Last year he produced this frog when I came in last. Not one to be churlish, I didn’t dispense with it but suggested to Charlie that it was such a good booby prize it should be presented every year.
So this year, I stuck it in a Tesco bag and handed it back to Charlie with the words: ‘There’s no way I want that bloody thing back again.’
Off I went with my allocated partner Richard Salt and the two other members of our four-ball, Mike Hennessy and Alan Duncan.
Unfortunately, Mike’s back started giving him trouble early on and by the eighth he could go on no longer. This was a shame, not only for him but for me he as was showing all the signs of finishing with a score lower than mine.
Actually, he would have been hard pressed to do that because I found it so difficult to score. My partner, Richard, was burning it up and went on to score 40 points, only one point short of being the overall winner.

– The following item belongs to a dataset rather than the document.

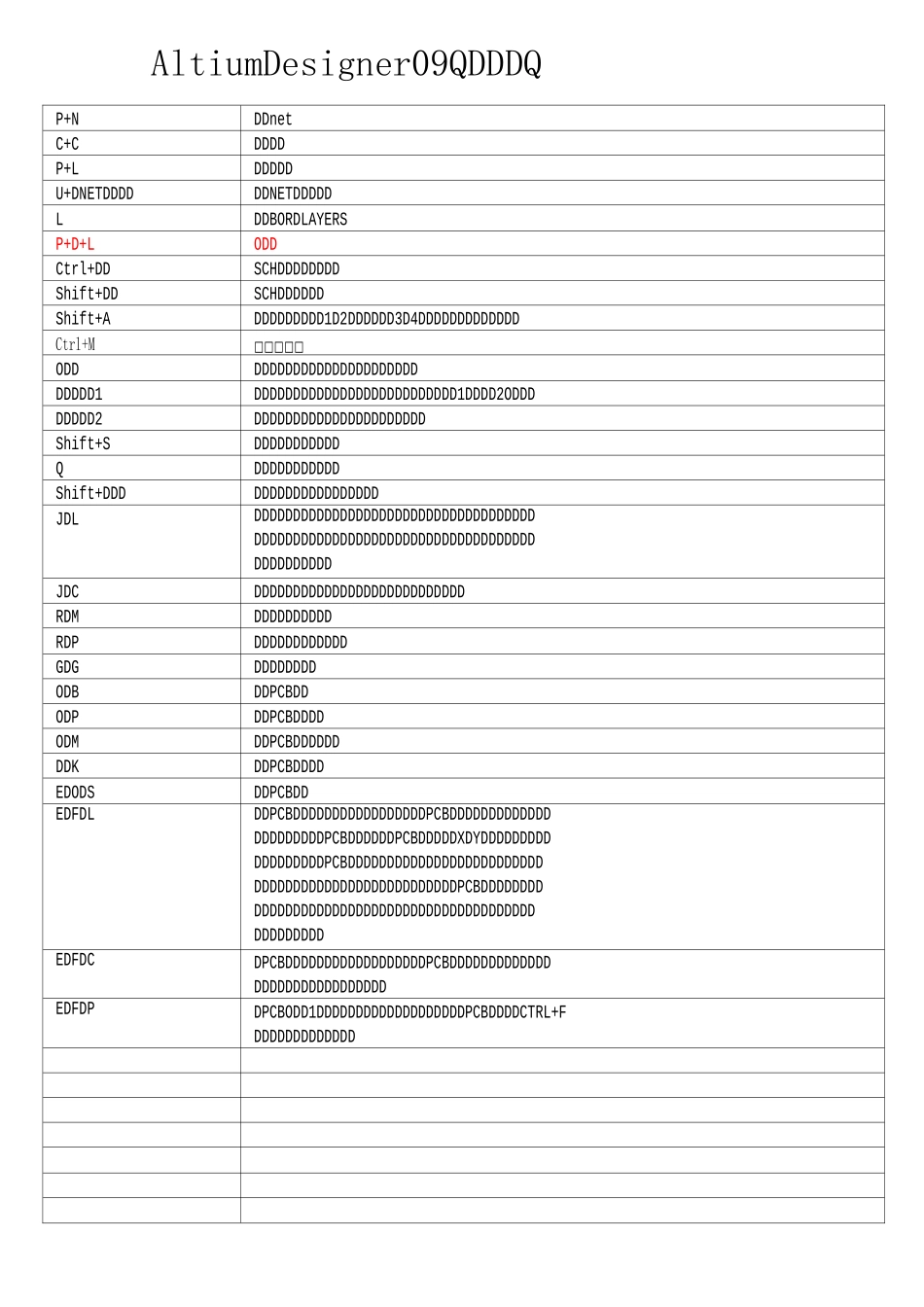 AltiumDesigner快捷键大全分解_第1页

I was a dead loss as a partner, although he was too polite to say so. I didn’t play atrociously, in fact I drove the ball quite well, but when I reached the green my putter turned to putty in my hands.

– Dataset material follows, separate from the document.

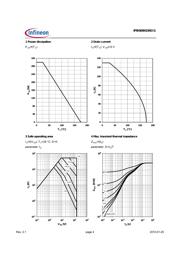 IPB065N15N3GE818XT datasheet.datasheet_page 4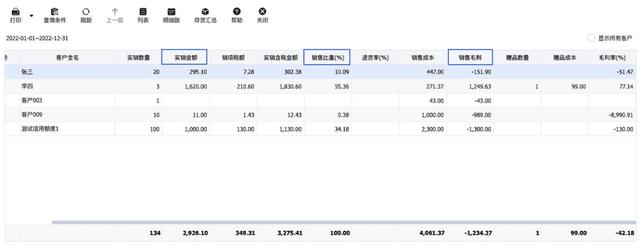 不懂做管理？管家婆財貿(mào)ERP來幫你（管家婆財貿(mào)ERP）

On most greens, I was failing by only one shot to get among the points but that’s no excuse for coming home with a pathetic score ten points. As I said at the presentation, it could have easily been 11 or 12.
The frog was duly returned to me, along with a massive golf ball, which they said I’d have more chance of hitting, three balls, a miniature bottle of Hendricks Gin and a set of tee-pegs in the shape of a naked lady.

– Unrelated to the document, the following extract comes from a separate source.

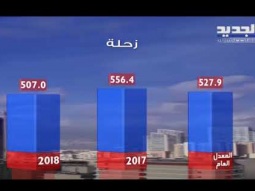 نشرة الطقس المسائية 07-10-2018 مع دارين شاهين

The frog is now on the mantelpiece as a daily reminder of my disgrace. Every other attempt to improve my game having failed, perhaps shame will prove my spur
Dear Peter,
Good to see you back.
I am in the adult care and dementia market now.
I suspect there are connections between golf and dementia that might be interesting. I will leave that thought with you.
25 million people on this isle of ours know somebody with dementia.
Andy Tremlett
Andrew Tremlett Associates
+44 (0) 7775 842716
Great to have you back, Peter.
But I have to say the above piece is very downcast.
What’s happened to all the determination you use to show us about breaking 100 in a medal – that you’d definitely do it one day!
You need to get your positivity back. Even the frog seems to be playing something by The Smiths (is it “Heaven Knows I’m Miserable Now?).
Come on Peter, break that century!
Welcome back Pete. Missed you!
Nice to see you back Peter, I’ve been checking the web site religiously every week in the hope of seeing your column again, it is a great link to my past for me and the happy times I spent at the Glamorganshire before being banished to the West Country 32years ago. Please carry on writing and keep in good health, the elusive 99 will come believe me
It’s great to see you back. I know in my heart that you will break that elusive 100 in the not too distant future. You can do it as all of your followers are behind you in this challenge.
Great to see you back mate.
Your followers will quickly return.
Best Regards,
Peter
Dear Peter do not despair. At the age of 76 my handicap was at a steady 23 and had been for some years. At my best I managed to get down to 16, but then on the advice of a 4 handicapper, I changed my clubs to get more distance.
I had a good summer and managed to get down to 20 when a notice went up to enter the Lee Valley Seniors Open for those interested. I entered and returned a pleasing 37 points, but was delighted when everyone else seemed to have a bad day and I won. Do not give up old pal, mediocrity can have its own rewards !!